MS: Estava conversando com um brasileiro que é dono de uma consultoria daqui e ele me explicou que a maioria dos clientes não pede acessibilidade, logo, ela não é feita. Em resumo: aqui fora a preocupação pela acessibilidade é só de grandes empresas, como bancos tradicionais.
WPT: Como foi o processo de descoberta do autismo em sua vida? Qual foi sua sensação quando você recebeu o diagnóstico?
MS: Em fevereiro de 2021, li o livro “GAIA: Um guia de recomendações sobre design digital inclusivo para pessoas com autismo” para o meu trabalho mesmo e os termos que eu não sabia eu pesquisava no Google. Foi então que encontrei um artigo explicando o que é a Síndrome de Asperger. Comecei a lembrar de várias coisas da minha vida, quanto mais eu lia, mais eu me identificava. Comecei apenas em busca de autoconhecimento.
Depois, foi a vez de encarar o psiquiatra. Quando ele confirmou o diagnóstico de autismo e me entregou o relatório, eu fiquei inerte, congelei. Ele perguntou se estava tudo bem, se eu tinha alguma dúvida, eu só dei algumas respostas curtas de sim e não e fui deitar para processar a informação. Eu meio que já esperava, mas mesmo assim é diferente ter a confirmação “não é coisa da minha cabeça” e senti que naquele momento eu podia jogar fora todos os rótulos que recebi na vida, como “atrapalhada”, “chorona”, “mal educada” ”mandona” ou “teimosa”, porque eles se resumiam no simples fato de eu ser autista. Isso me trouxe alívio.
WPT: Você passou a entender melhor as barreiras de acessibilidade depois que soube que é autista? Por quê?
MS: Sim! Hoje, eu consigo entender que as dificuldades que eu enfrentava são por causa da falta de acessibilidade. Sempre enfrentei barreiras, meu processo de aprendizado sempre foi mais complicado e muitas coisas na internet me deixavam irritada ou me faziam ficar improdutiva e perder o meu dia, às vezes até a semana. Eu só não sabia o motivo, achava que o problema estava em mim. Agora, é bem mais fácil argumentar quando algo não está compreensível no meu trabalho.

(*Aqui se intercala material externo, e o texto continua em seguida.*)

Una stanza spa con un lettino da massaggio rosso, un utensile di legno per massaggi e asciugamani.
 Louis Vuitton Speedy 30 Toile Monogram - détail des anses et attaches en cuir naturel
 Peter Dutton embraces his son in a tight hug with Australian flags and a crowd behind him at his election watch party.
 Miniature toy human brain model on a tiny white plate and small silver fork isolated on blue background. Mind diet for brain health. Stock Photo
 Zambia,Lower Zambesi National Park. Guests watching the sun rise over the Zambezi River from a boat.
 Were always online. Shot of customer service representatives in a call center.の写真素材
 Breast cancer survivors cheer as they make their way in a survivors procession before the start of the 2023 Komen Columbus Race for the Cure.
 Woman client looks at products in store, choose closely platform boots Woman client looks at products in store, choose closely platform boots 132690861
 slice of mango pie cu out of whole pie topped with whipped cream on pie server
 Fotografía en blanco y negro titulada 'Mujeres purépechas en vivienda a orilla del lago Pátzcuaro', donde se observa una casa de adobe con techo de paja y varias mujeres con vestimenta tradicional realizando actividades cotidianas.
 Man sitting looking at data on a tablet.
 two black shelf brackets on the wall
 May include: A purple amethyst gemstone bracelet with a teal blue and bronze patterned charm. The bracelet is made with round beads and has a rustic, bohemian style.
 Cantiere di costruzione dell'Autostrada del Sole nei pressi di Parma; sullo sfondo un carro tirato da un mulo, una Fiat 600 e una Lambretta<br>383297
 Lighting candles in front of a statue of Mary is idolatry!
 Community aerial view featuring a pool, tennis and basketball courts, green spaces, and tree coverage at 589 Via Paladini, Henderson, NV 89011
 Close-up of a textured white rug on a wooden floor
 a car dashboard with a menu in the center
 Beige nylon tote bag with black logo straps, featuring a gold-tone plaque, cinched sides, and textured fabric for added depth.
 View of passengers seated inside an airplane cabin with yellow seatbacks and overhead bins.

WPT: O que é o Accessibility 4DEVS? Por que você resolveu criar esse canal?
MS: O Accessibility 4DEVS é um projeto para criação de conteúdos sobre acessibilidade com foco em ensinar pessoas desenvolvedoras a implementar a acessibilidade. Basicamente, ele nasceu da minha necessidade de encontrar conteúdos sobre acessibilidade didáticos (para pessoas autistas). Ele começou no Instagram e Linkedin, acabou de fazer 1 ano no ar, e, desde janeiro deste ano, eu expandi para o YouTube e Medium.
WPT: Quais dicas você daria a profissionais de desenvolvimento que querem aprender sobre acessibilidade digital e não sabem por onde começar?
MS: Assim como o seu editor de código de favoritos, faça do leitor de telas uma ferramenta de trabalho. Além de testar a própria aplicação, observe como os componentes nativos do sistema operacional se comportam, teste alguns sites e aplicativos famosos, aprenda com os erros e acertos deles. Sempre que for criar um componente, pesquise no Google como é a semântica correta do HTML5.
Conheça o Material React – uma biblioteca de componentes básicos e avançados para a construção de sistemas e site – e faça diversos testes: navegação sem o mouse, apenas com o teclado e depois com o leitor de telas. Você pode inspecionar elementos e tirar alguns insights. Depois disso, comece a explorar as regras da WCAG, elas farão mais sentido após você sentir as barreiras na própria navegação.